Beginning at the line containing "Bâche piscine pour l'hiver", repeat each line below exactly up to and including the line containing "3 bed house". Do not repeat the pictures.
*** Material supplied
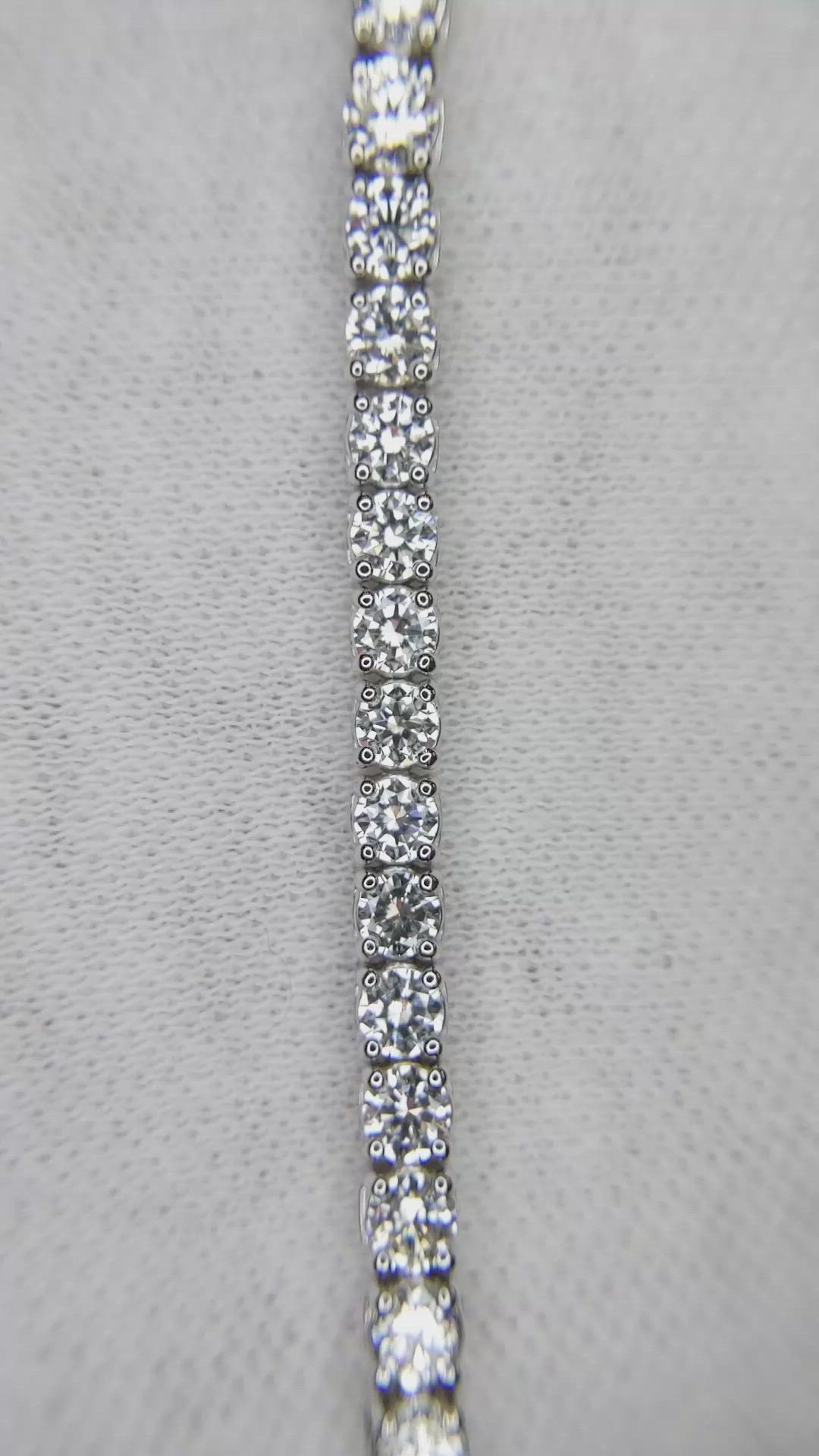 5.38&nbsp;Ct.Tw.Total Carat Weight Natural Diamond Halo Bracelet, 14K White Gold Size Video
******
*** Material supplied
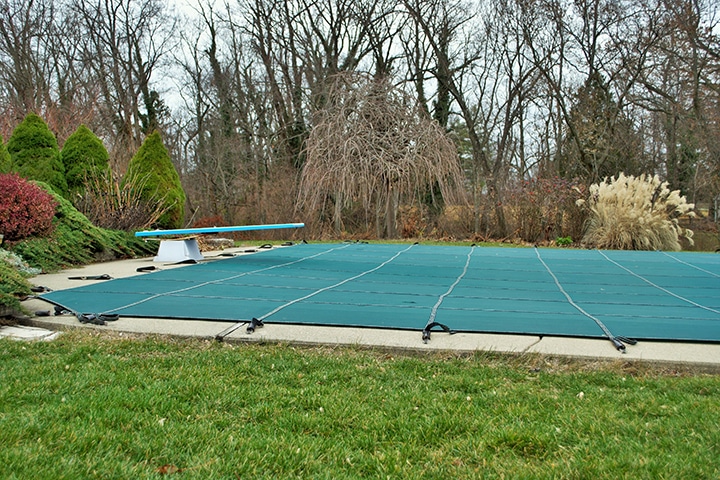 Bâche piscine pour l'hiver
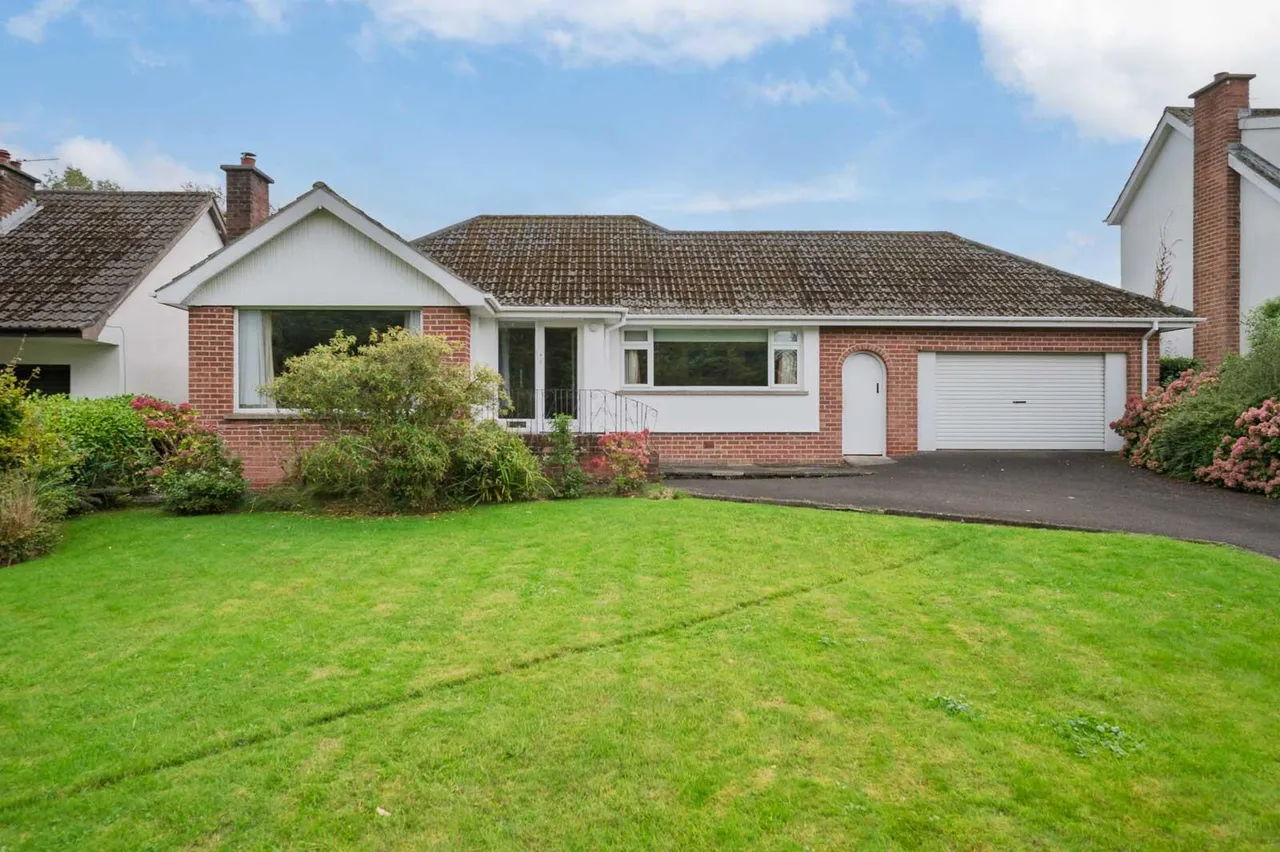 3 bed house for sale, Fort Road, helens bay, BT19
******
> [Answer space]:
 Bâche piscine pour l'hiver
 3 bed house for sale, Fort Road, helens bay, BT19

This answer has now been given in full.